Additionally, these assays were directly compared to previously studied polyvinyl alcohol-based plastics with different bulk PVA compositions. Each product has been tested in fresh water and 3.5% saline; The pH level was recorded after each 24 hour interval. I found the 90% fucose plastic to dissolve the most at 63.24% dissolution; this was less than the 72.55% dissolved mass of 90% PVA plastic. Chi-Square tests comparing fucose and PVA plastics showed no significant difference in dissolutions. PVA plastics did not significantly change their freshwater environment, while fucose-based plastics significantly changed pH after 24 and 48 hours of testing, as evidenced by P values of 0.0002 and 0.001, respectively.

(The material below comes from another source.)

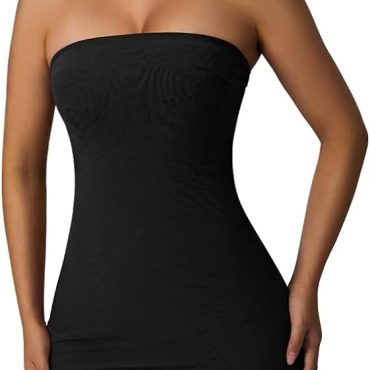 Fronage Women's Sexy Jeans Denim Strapless Dresses Bodycon Corset Tube Mini Dress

Ann Liu – “Investigation of mammalian retinal regeneration strategies via integrated analysis of single-cell RNA sequencing datasets”
Neurodegenerative retinal diseases cause irreversible cell loss, leading to blindness since mammalian retinas cannot regenerate. In contrast, zebrafish retinas regenerate after Mullerian glial (MG) cell damage through cellular reprogramming, proliferation, and neurogenesis. Recent studies have stimulated the reprogramming of MG mice using actors associated with regeneration, for example, the neurogenic transcription factor Ascl1, NMDA, Hdac inhibitor TSA, STAT inhibitor (ANTSi treatment) or YAP5SA (treatment YAP5SA), resulting in varying degrees of cell proliferation and neurogenesis; reprogramming MG single-cell RNA sequencing datasets were generated and analyzed in each study. Nevertheless, a side-by-side comparison of these reprogramming mouse MGs has not been reported, a critical knowledge gap in therapeutic development. Here, I independently performed an integrated analysis of four sets of raw single-cell RNA sequencing data. I assessed cell proliferation and differentiation in the integrated dataset and identified differentially expressed genes (DEGs) in YAP5SA+ MGs, ANTSi MGs, and ANTSi neurons compared to control NMDA MGs. My study generated new findings: a) MG YAP5SA+ and MG ANTSi reprogrammed from control NMDA
MG distinctly; b) ANTSi treatment is more effective for retinal regeneration; c) new DEGs in these reprogramming MGs have been identified; d) NFI and Ezh2 genes were still expressed in ANTSi MGs and YAP5SA+ MGs, likely affecting proper neurogenesis. My study also confirmed previous reports: a) YAP5SA+ MGs proliferated but did not generate neurons; b) ANTSi MGs proliferated and generated neurons but did not pass through the appropriate progenitor stages. Taken together, my findings provide further insight into the mechanisms underlying MG reprogramming in mice, bringing us one step closer to retinal regeneration in mammals.